Using ColdFusion To Capture Form Data And Then Submitting The Form
Earlier today, I talked about helping someone grab HTML form data and then resubmitting it with the existing form data. As an introduction to that, I talked about taking an HTML tag and parsing it into a ColdFusion structure. Now, we are going to build on that and actually grab the forms out of a page, parse the inputs, and resubmit the data with a combination of existing form fields and our own form field data. This demo does not cover all aspects of form scrapping, nor does it cover maintaining sessions across CFHttp calls, but it should be sufficient to give some direction.

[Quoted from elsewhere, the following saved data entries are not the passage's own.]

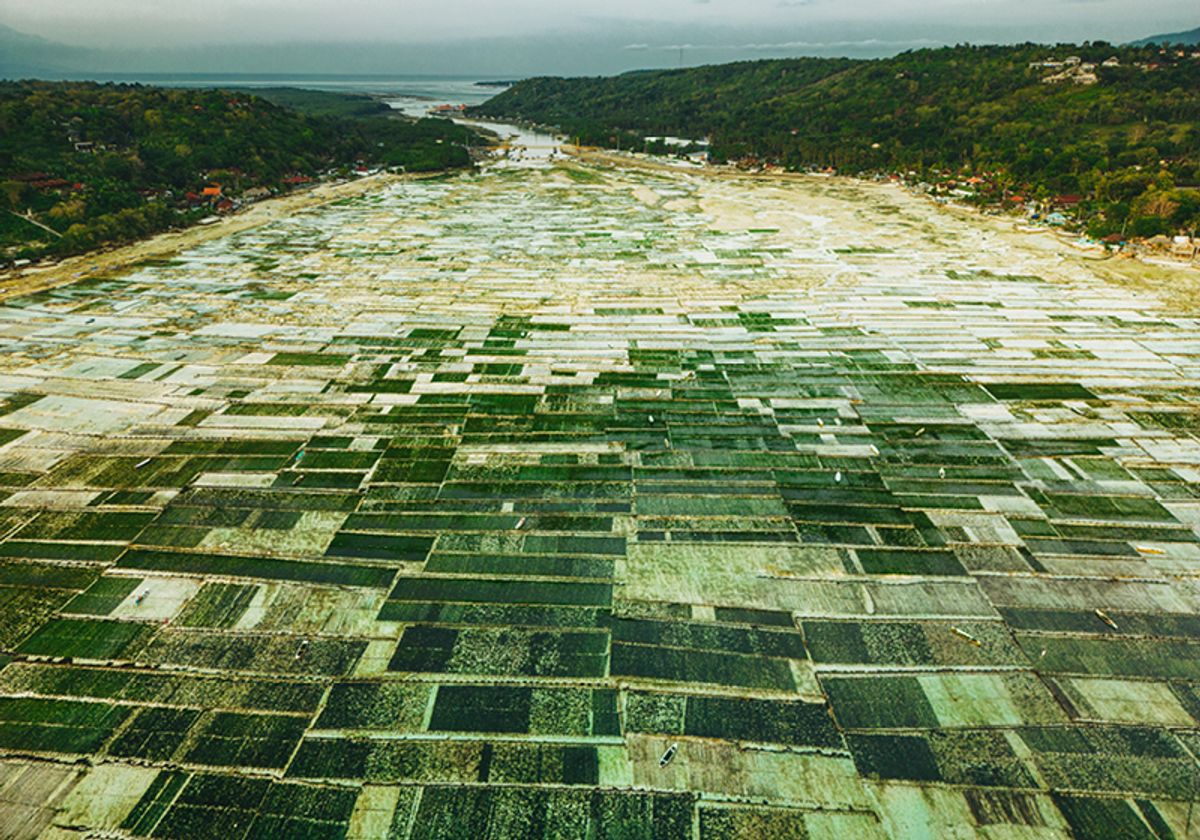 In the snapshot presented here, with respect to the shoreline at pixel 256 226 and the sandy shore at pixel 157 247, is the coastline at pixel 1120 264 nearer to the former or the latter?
the shoreline at pixel 256 226

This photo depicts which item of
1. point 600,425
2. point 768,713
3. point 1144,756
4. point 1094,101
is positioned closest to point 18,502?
point 600,425

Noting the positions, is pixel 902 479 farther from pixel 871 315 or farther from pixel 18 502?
pixel 18 502

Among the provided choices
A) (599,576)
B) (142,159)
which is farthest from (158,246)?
(599,576)

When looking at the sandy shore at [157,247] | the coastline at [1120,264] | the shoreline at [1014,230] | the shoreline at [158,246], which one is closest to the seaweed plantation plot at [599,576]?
the shoreline at [158,246]

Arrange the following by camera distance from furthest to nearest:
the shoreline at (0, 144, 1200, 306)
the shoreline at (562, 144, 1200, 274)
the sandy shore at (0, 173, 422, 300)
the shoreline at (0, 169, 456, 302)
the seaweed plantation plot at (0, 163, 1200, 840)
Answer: the shoreline at (562, 144, 1200, 274) < the shoreline at (0, 144, 1200, 306) < the sandy shore at (0, 173, 422, 300) < the shoreline at (0, 169, 456, 302) < the seaweed plantation plot at (0, 163, 1200, 840)

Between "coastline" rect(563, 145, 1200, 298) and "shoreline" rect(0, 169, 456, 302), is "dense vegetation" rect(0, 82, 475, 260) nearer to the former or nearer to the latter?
"shoreline" rect(0, 169, 456, 302)

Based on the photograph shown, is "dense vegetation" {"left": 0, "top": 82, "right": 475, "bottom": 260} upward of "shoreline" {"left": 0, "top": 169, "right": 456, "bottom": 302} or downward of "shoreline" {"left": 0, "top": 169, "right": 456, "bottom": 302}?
upward

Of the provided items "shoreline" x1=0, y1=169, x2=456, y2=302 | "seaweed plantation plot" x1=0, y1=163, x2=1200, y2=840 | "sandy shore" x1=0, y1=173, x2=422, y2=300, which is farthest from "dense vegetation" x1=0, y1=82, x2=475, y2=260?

Just a reminder from the previous post, we are going to use the ColdFusion user defined function, ParseHTMLTag(), to take HTML tag data and create a ColdFusion structure:
<cffunction
name="ParseHTMLTag"
access="public"
returntype="struct"
output="false"
hint="Parses the given HTML tag into a ColdFusion struct.">
<!--- Define arguments. --->
<cfargument
name="HTML"
type="string"
required="true"
hint="The raw HTML for the tag."
/>
<!--- Define the local scope. --->
<cfset var LOCAL = StructNew() />
<!--- Create a structure for the taget tag data. --->
<cfset LOCAL.Tag = StructNew() />
<!--- Store the raw HTML into the tag. --->
<cfset LOCAL.Tag.HTML = ARGUMENTS.HTML />
<!--- Set a default name. --->
<cfset LOCAL.Tag.Name = "" />
<!---
Create an structure for the attributes. Each
attribute will be stored by it's name.
--->
<cfset LOCAL.Tag.Attributes = StructNew() />
<!---
Create a pattern to find the tag name. While it
might seem overkill to create a pattern just to
find the name, I find it easier than dealing with
token / list delimiters.
--->
<cfset LOCAL.NamePattern = CreateObject(
"java",
"java.util.regex.Pattern"
).Compile(
"^<(\w+)"
)
/>
<!--- Get the matcher for this pattern. --->
<cfset LOCAL.NameMatcher = LOCAL.NamePattern.Matcher(
ARGUMENTS.HTML
) />
<!---
Check to see if we found the tag. We know there
can only be ONE tag name, so using an IF statement
rather than a conditional loop will help save us
processing time.
--->
<cfif LOCAL.NameMatcher.Find()>
<!--- Store the tag name in all upper case. --->
<cfset LOCAL.Tag.Name = UCase(
LOCAL.NameMatcher.Group( 1 )
) />
</cfif>
<!---
Now that we have a tag name, let's find the
attributes of the tag. Remember, attributes may
or may not have quotes around their values. Also,
some attributes (while not XHTML compliant) might
not even have a value associated with it (ex.
disabled, readonly).
--->
<cfset LOCAL.AttributePattern = CreateObject(
"java",
"java.util.regex.Pattern"
).Compile(
"\s+(\w+)(?:\s*=\s*(""[^""]*""|[^\s>]*))?"
)
/>
<!--- Get the matcher for the attribute pattern. --->
<cfset LOCAL.AttributeMatcher = LOCAL.AttributePattern.Matcher(
ARGUMENTS.HTML
) />
<!---
Keep looping over the attributes while we
have more to match.
--->
<cfloop condition="LOCAL.AttributeMatcher.Find()">
<!--- Grab the attribute name. --->
<cfset LOCAL.Name = LOCAL.AttributeMatcher.Group( 1 ) />
<!---
Create an entry for the attribute in our attributes
structure. By default, just set it the empty string.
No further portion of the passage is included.